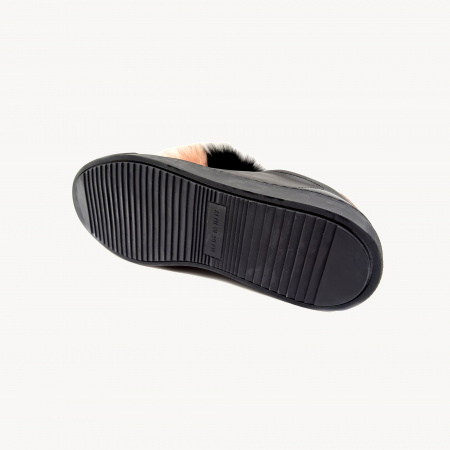 Кожаные кеды Capri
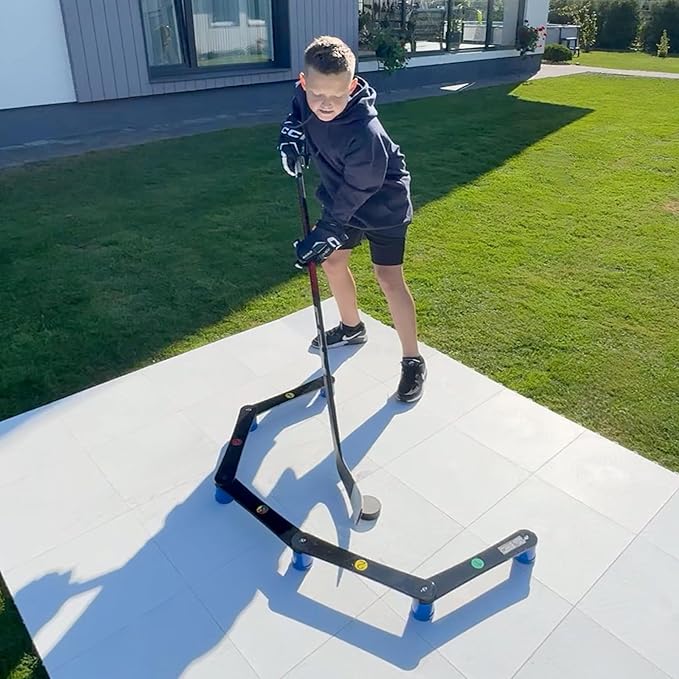 Hockey Revolution Lightweight Stickhandling Training Aid, Equipment for Puck Control, Reaction Time and Coordination-StrideForce Fitness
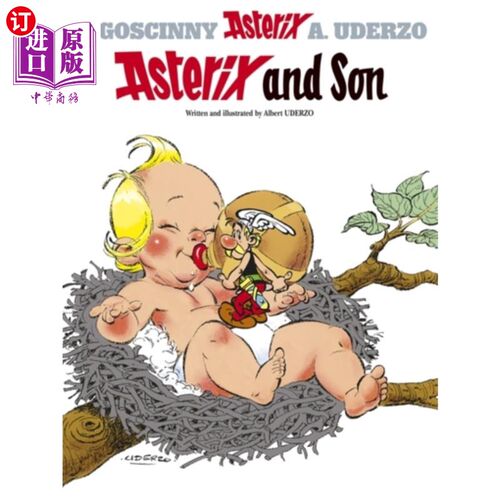 海外直订Asterix: Asterix and Son 阿斯特里克斯:阿斯特里克斯之子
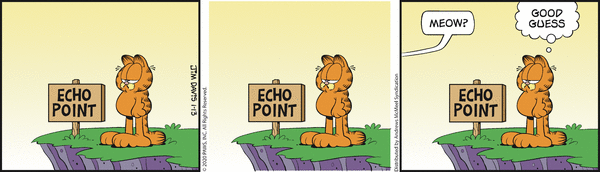 Komiksy garfield - komiks z dnia 13/01/2020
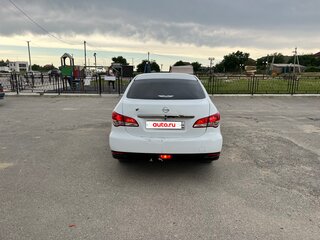 2014 Nissan Almera III (G15), белый, 430000 рублей, вид 4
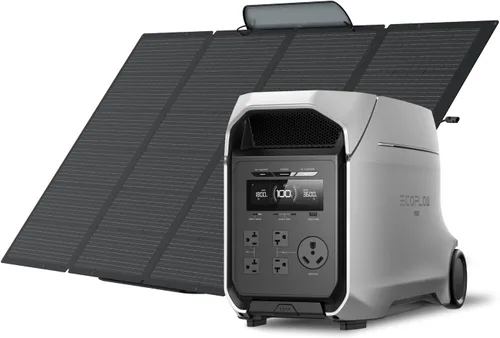 Vista 10 de EF ECOFLOW DELTA 3 Ultra Plus 3072Wh Estación de energía portátil, salida de 3600 W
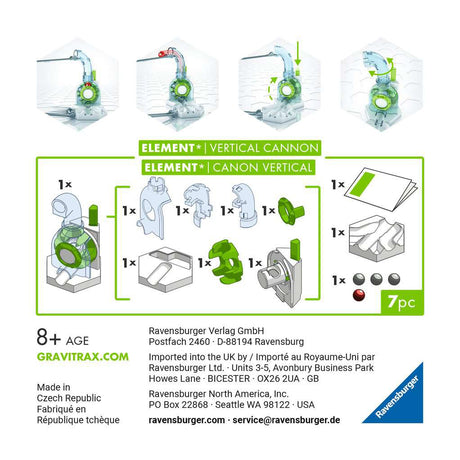 Ravensburger Gravitrax-Element-Vertikalkanone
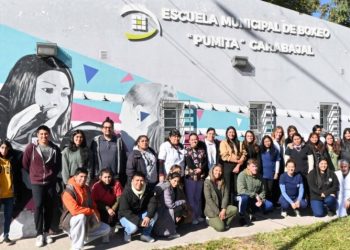 Controles de salud en la escuela de boxeo “Pumita Carabajal”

## WHAT THE TASK ASKS
Your output should consist solely of the lines from the line containing "Vista 10 de" through the end of the data above, copied exactly, with images removed.

## TASK SOLUTION
 Vista 10 de EF ECOFLOW DELTA 3 Ultra Plus 3072Wh Estación de energía portátil, salida de 3600 W
 Ravensburger Gravitrax-Element-Vertikalkanone
 Controles de salud en la escuela de boxeo “Pumita Carabajal”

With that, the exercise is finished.